Советские войска идут на прорыв блокады Ленинграда. Фото: РИА Новости
На сегодняшний день, согласно полученной устной справке, в ОБД 'Мемориал' заведено от 36 до 38 млн записей, но назвать хотя бы примерное число индивидуальных карточек в ней (то есть, собственно, установить базовую величину потерь!) — задача не сегодняшнего дня: она вторична по сравнению с гуманитарной миссией базы данных.
Так что вернемся пока к цифре Ильенкова — Елисеева. Эти вызывающие доверие 21,3–21,5 млн человек уже сейчас тянут за собой новую проблему.
„
Под их напором подвергается сомнению за 30 лет ставшая канонической сумма общих потерь страны — 26,6 млн:
ведь на гражданские потери в ней остается всего 5,3 млн человек, а это уже меньше, чем оценка ЧГК. Давят на нее и оценки Ивлева и Соколова.

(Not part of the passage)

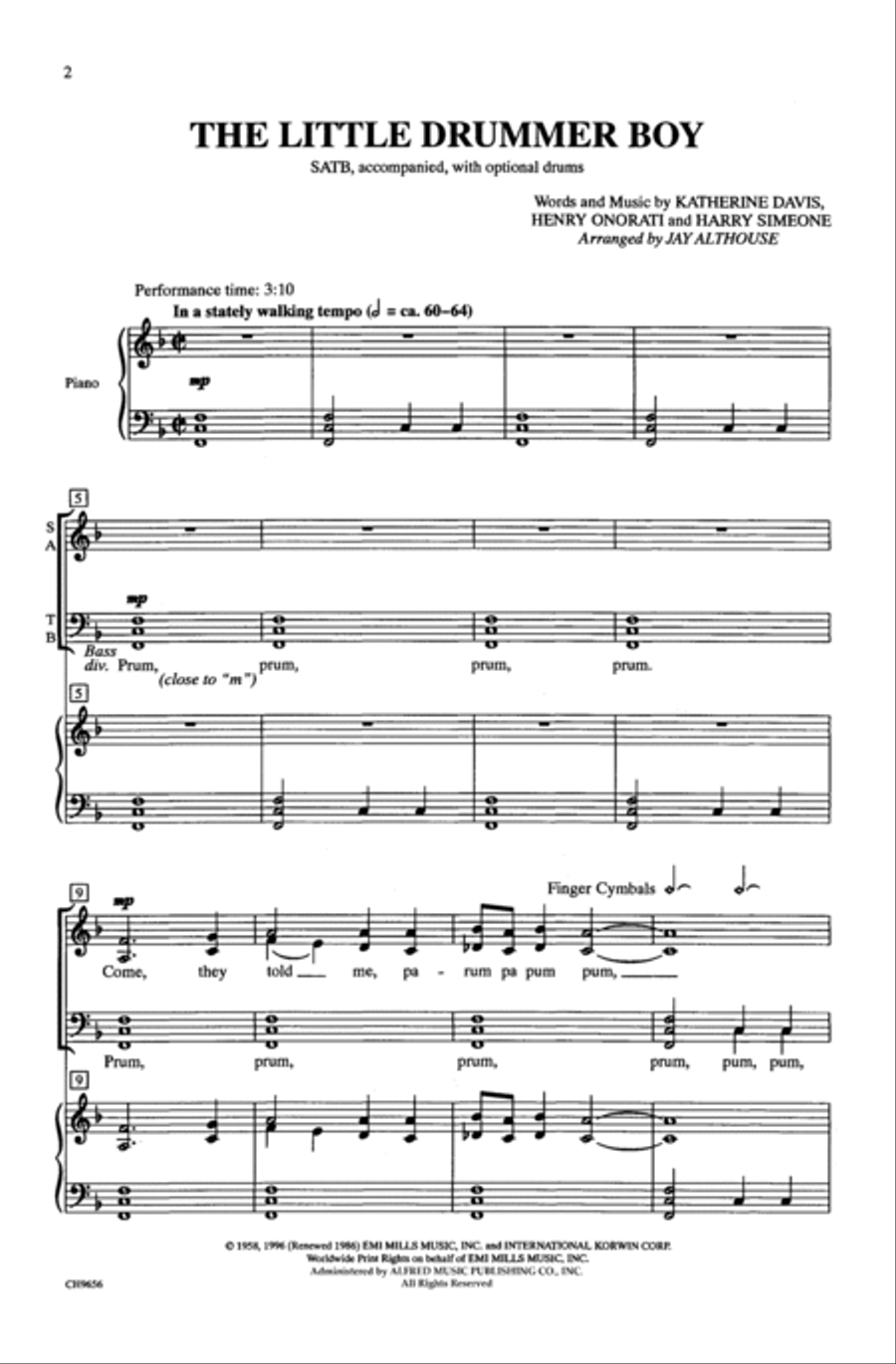 The Little Drummer Boy 4-Part scores gallery preview page 2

Так что необходимо, с учетом новых и старых данных, заново проверить все расчеты и допущения. Тем более что те же Ивлев и Соколов сами взялись за переписи и балансы, а статистика мобилизаций через военкоматы никак не может послужить маркером потолка, так как мобилизация прямо в части, особенно в конце войны, была очень значительной.